Dalam sambutan Bupati Kediri Hanindhito Himawan Pramana yang dibacakan Sekretaris Kabupaten Kediri Mohammad Solikin menyampaikan kegiatan Nuzulul Quran dapat menjadikan berinstropeksi dan merenungkan sudah sejauh mana kita dalam membaca, menghafal, memahami, dan mengamalkan isi kandungan Al-Qur’an dalam kehidupan sehari-hari atau Al Quran sebagai pedoman hidup.

Read More

Solikin menambahkan bahwasannya acara tersebut sekaligus menjadi momentum dalam meningkatkan ketakwaan dan keimanan diri kita kepada Allah SWT.

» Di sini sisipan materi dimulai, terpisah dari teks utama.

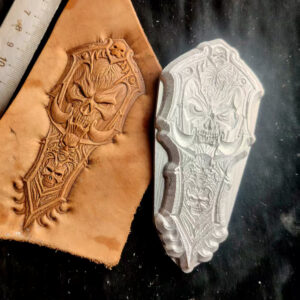 skull and crossbones leather stamp mold in 2A12 aluminum for vegetable tanned leather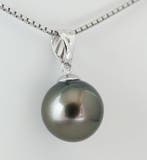 Zonder minimumprijs - Hanger - 18 karaat Witgoud Parel -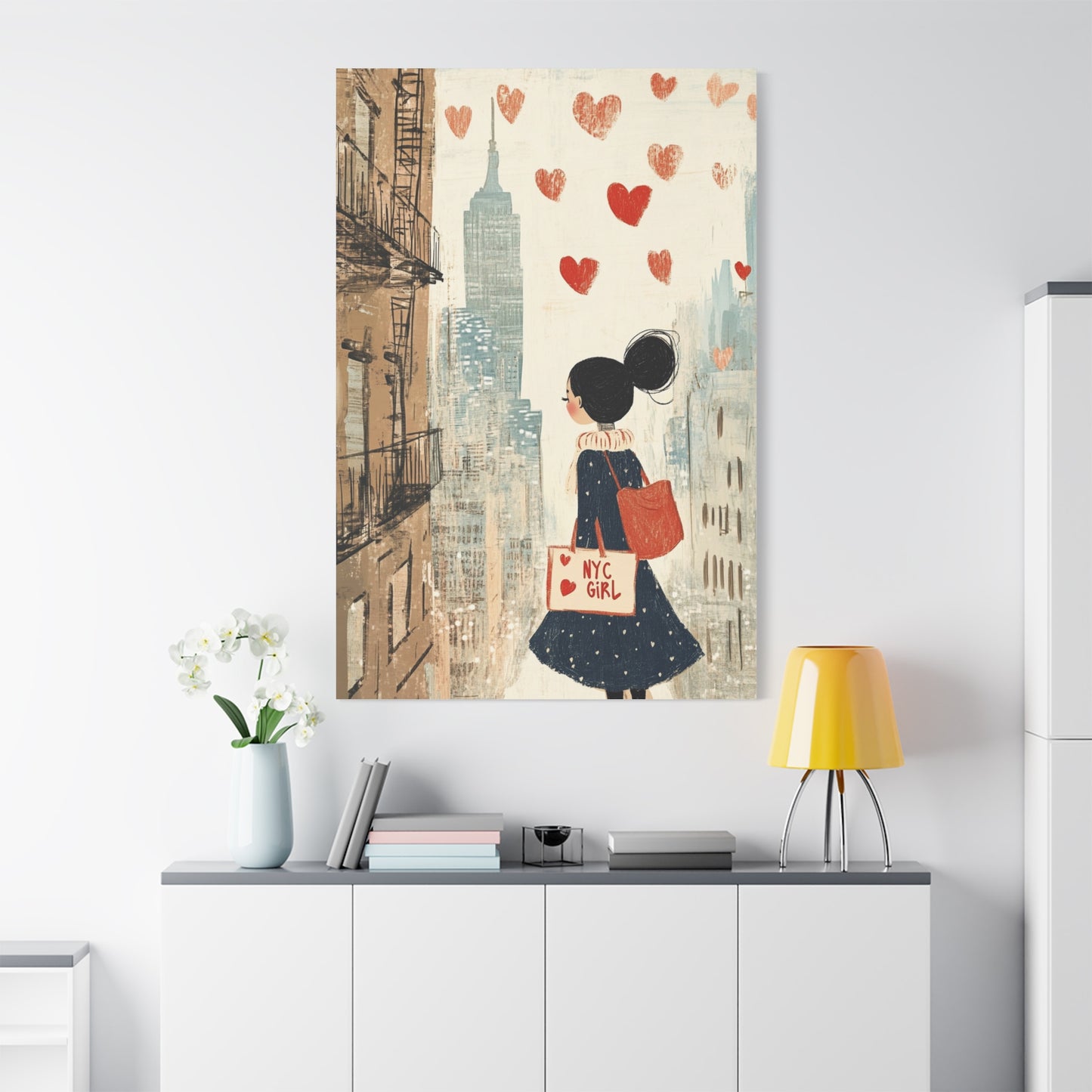 Girl Love and NYC Canvas Art V – Whimsical Cityscape with Floating Hearts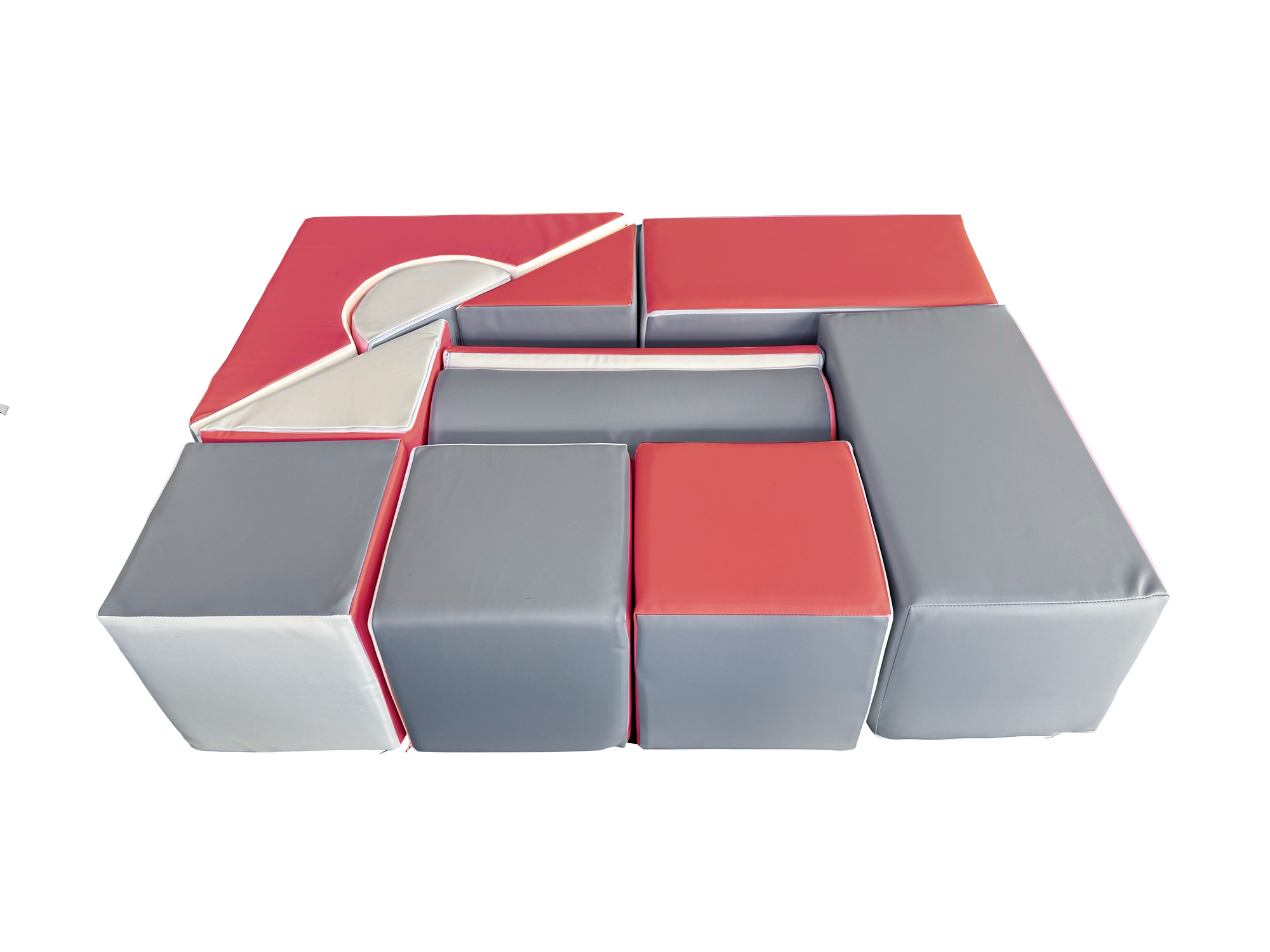 Grote schuimen bouwblokken - 11 stuks - gekleurd - wit, grijs, koraalrood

“Sungguh kegiatan kali ini merupakan kesempatan yang luar biasa bagi kita semua. Mudah-mudahan kita semua bisa dimasukan ke dalam golongan yang muttaqin, dicatat sebagai orang yang beriman dan bertakwa. Semoga amal ibadan puasa kita diterima oleh Allah Swt. Saya harap kegiatan ini bermanfaat dan membawa berkah untuk seluruh kita dan seluruh masyarakat Kabupaten Kediri,” kata Solikin.

Dalam kesempatan tersebut, Pemerintah Kabupaten Kediri mengundang Gus Reza Ahmad Zahid dari Lirboyo sebagai penceramah. Gus Reza menyampaikan mengenai proses turunnya Al Quran dimana terdapat beberapa perbedaan waktu dalam memperingati turunnya Al Quran.

“Ada orang yang memperingati turunnya Al Quran pada tanggal 17 Ramadan yang artinya proses turunnya Al Quran dari Lauhul Mahfudz ke Baitul Izzah di Langit Dunia. Namun ada juga yang memperingati turunnya Al Quran pada tanggal 27 Ramadhan yang artinya proses turunnya Al Qur’an dari Lauhul Mahfudz sampai ke Gua Hira. Walaupun terdapat perbedaan waktu yang terpenting dari esensi memperingati Nuzulul Quran adalah dapat mengambil pelajaran tentang turunnya Al Quran dan mengimplementasikan Al Quran pada keseharian,” kata Gus Reza.

Gus Reza juga membahas mengenai perbedaan Al Quran dengan kitab-kitab sebelum turunnya Al Quran, yaitu terletak pada proses penurunannya.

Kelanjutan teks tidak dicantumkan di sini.